Saturday, April 6, 2013

Being Naughty Is So Much Fun!

  It's a good thing that Gemma is so darn cute because sometimes she is so darn hard to live with!  She is eager to please but also willful, sweet but stubborn, smart but obstinate, obedient but headstrong...hmm, what some might say is the behavior of a typical smooth coat Collie!
  Gemma is usually the instigator in any hi-jinx in the kennel.  If gates are left unlocked, she quickly releases her pals and off they go for a run around the dog yard.  If she can only get out of her own kennel, she goes directly to the plastic poop bags and shreds them.  Once, she even distributed bags to her locked kennel mates so they could enjoy the fun--what a mess to clean up!
  Running is Gemma's passion.  I usually use a lead to walk Gemma from her kennel to the big yard on play days or else she will spend about ten minutes just running around and around the kennel.  And, nothing tires her out!  After a long sprint like that, she still has the energy to chase Jackson or her brother in the yard, making them pay when they can't stay one step ahead of her.  Only Dixie is able to keep pace with Gemma and match her energy.
  Gemma is also a hoarder.  She will steal every toy from the kennels from either side of her and keep them just out of reach so the rightful owners can't pull them back under the fence.  And any stuffed toy is a goner within minutes.  She eviscerates the toy and scatters the stuffing so it looks like a sudden snowfall.

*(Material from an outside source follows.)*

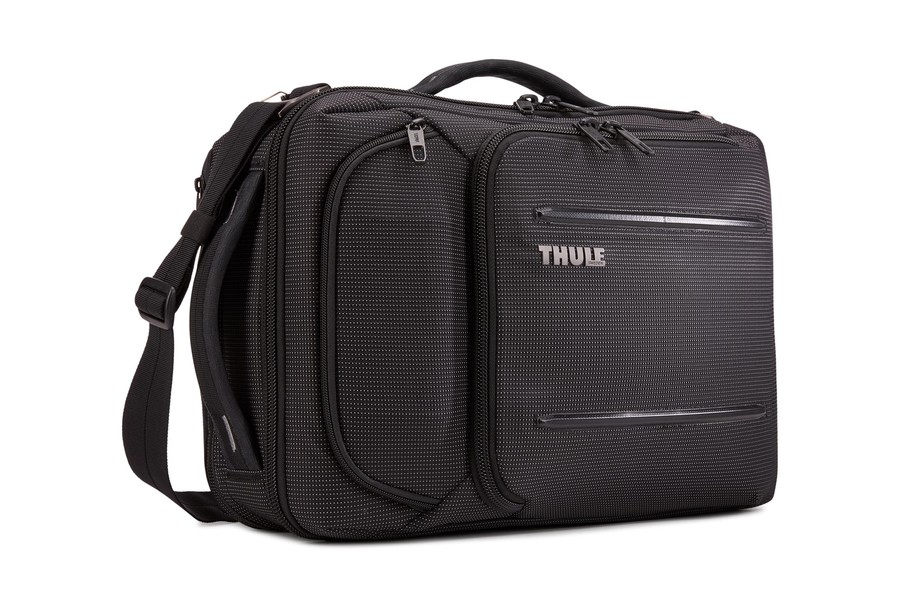 Thule Crossover 2 C2CB 116 39 6 cm 15.6 Sac à dos Neuf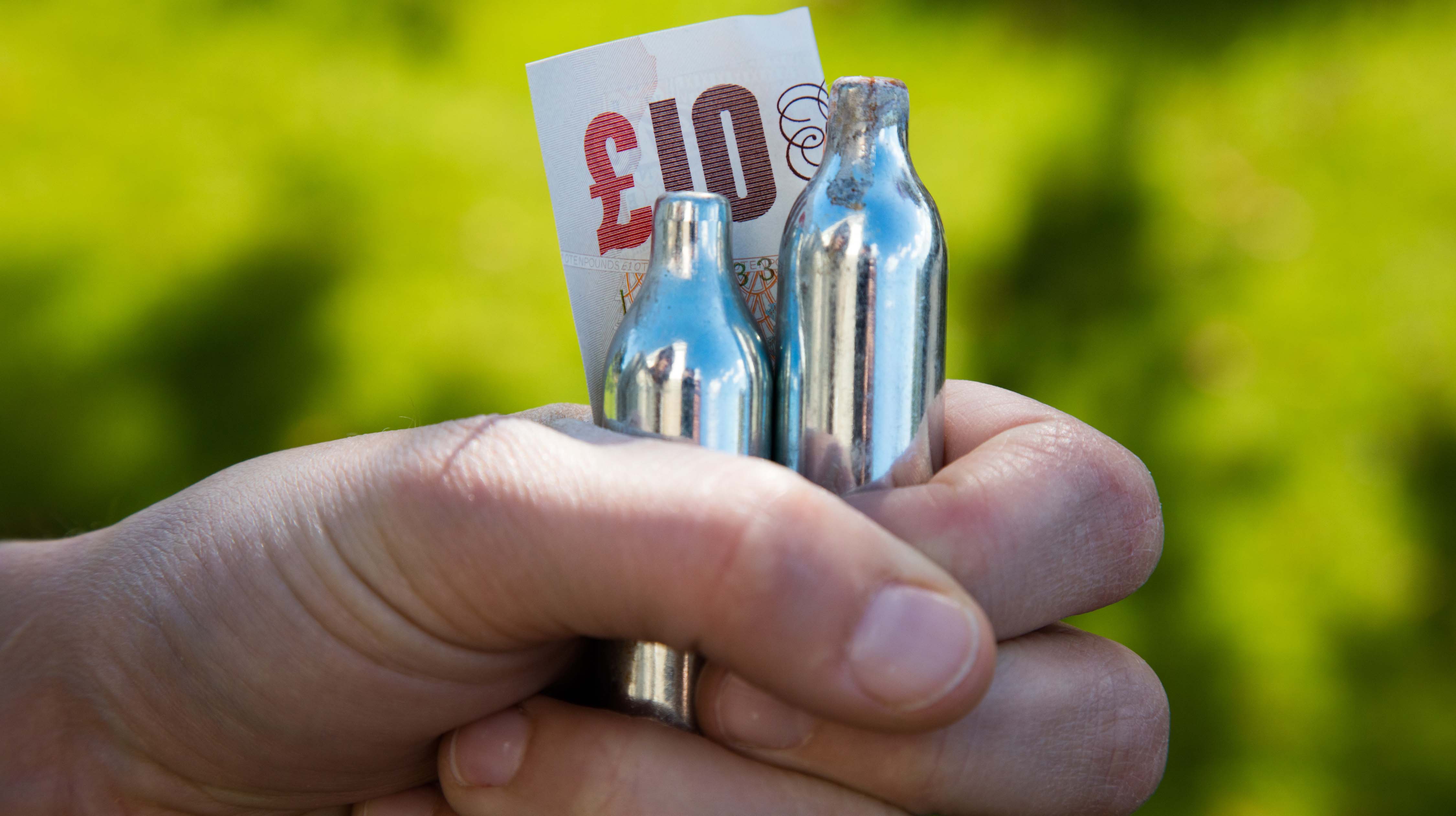 ngiltere-ab-den-karsa-sterlin-ne-olur-fortune-turkey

  Gemma oozes attitude but sometimes it's not good!  Out in public, she will make someone complete mush, getting them to make over her and coo at her, then she will turn and look at me as if to say "Hah"! and completely ignore me once her adoring fans are gone.  In one very memorable show, she looked unbeatable--outside the ring.  Once the judge was watching her, Gemma refused to cooperate, wouldn't stand still, wouldn't move properly (unless the judge was looking at someone else) and when the judge was giving me advice as he handed me my second place ribbon, I swear she narrowed her eyes and went "pbbbt" at him!
  Her newest bad habit is to start a barking contest with Ref as I'm taking the food bowls into the kennel.  Ref is always torn between quieting down when I tell him to stop, or listen to his sister.  His head turns back and forth as Gemma and I both command his attention and he tries to please us both by making a huffing sound.  He always looks relieved when I give him his food bowl so he doesn't have to chance displeasing his sister!
  And Gemma's response when I tell her to quiet?  Usually, she turns her head and continues to bark--I guess she thinks if she can't see me, she can't hear me.  When I am adamant that the barking will stop, she goes outside, pushing the limits just a bit further before snuggling up to make amends.
  She is an exasperating character but we wouldn't want Gemma any other way!